Seems like with social media there is a relationship with the use of filters. Snapchat, Instagram and even Facebook have awesome ways to allow the user to upload photos and video to give an embellished look to the user’s visual artwork. And while these filters alter visual imagery… whats even more fascinating is the platform that social media has given for one’s ability to not have to filter one’s thoughts, opinions, or written word.
Platforms like YouTube, Twitter, Facebook have given rise to a number of people, companies, celebrities, politicians and the public to be very direct when making comments. Companies like Wendy’s allow their Twitter account manager much latitude when it comes to answering the questions of Wendy’s twitter fans:
These responses are not the typical “service-with-a-smile” refrain, yet Wendy’s allows for it and the public mostly tolerates it.

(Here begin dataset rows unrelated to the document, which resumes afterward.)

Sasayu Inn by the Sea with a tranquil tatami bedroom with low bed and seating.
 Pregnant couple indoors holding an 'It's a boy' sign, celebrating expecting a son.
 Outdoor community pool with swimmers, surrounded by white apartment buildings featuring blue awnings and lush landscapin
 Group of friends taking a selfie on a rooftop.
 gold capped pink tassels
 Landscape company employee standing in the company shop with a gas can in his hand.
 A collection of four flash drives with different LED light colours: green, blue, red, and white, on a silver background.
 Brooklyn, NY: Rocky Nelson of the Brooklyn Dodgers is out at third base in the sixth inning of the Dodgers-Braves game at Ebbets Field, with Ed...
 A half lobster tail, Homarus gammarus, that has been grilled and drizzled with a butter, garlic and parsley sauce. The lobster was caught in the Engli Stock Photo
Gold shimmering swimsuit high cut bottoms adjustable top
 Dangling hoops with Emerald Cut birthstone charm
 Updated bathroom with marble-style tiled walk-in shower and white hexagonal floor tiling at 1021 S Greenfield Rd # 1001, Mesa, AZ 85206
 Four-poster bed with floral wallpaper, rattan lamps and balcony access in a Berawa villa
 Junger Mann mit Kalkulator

But at times the unfiltered speech becomes problematic. This past summer Milo Yiannopoulos made such targeted inflammatory comments about Leslie Jones to the point where he got permanently banned. Its unfortunate that Leslie had to endure the trauma of being trolled, but to many that watched this twitter exchange un fold, it wasn’t surprising as Milo had already said some unfiltered statements:
As we move into this new era of ‘direct’ communication via social media, the lines of ‘political correctness’ will have to be redrawn if they are to even exist. As this happens, commentary on social media will not only be more direct but also more immediate. The more immediate, the less time to filter, the less time to filter the more genuine the response…right? The only problem with this is… knee jerk responses have the potential to be permanent flubs. And yes while some would argue that there is no such thing as bad PR…the wrong type of social media PR can cause some major problems… just ask Milo.